%%

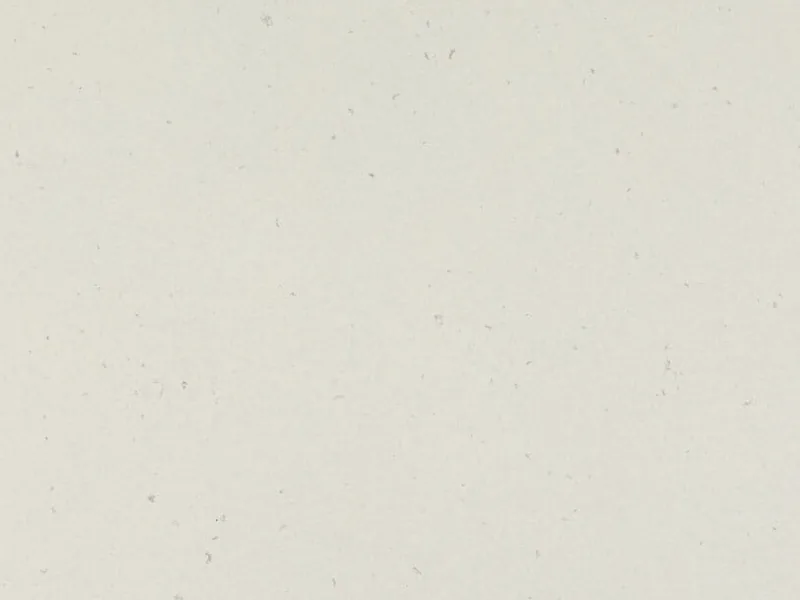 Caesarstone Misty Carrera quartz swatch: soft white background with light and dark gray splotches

%%
%%

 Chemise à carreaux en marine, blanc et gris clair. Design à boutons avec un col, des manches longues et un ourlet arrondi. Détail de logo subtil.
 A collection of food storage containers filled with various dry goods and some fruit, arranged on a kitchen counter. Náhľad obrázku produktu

%%

**BRIEF**
The lines above, starting at the one with "Chemise à carreaux" and ending at the one with "A collection of", are the only ones to return, exactly as written.

**REPLY TO THE TASK**
 Chemise à carreaux en marine, blanc et gris clair. Design à boutons avec un col, des manches longues et un ourlet arrondi. Détail de logo subtil.
 A collection of food storage containers filled with various dry goods and some fruit, arranged on a kitchen counter. Náhľad obrázku produktu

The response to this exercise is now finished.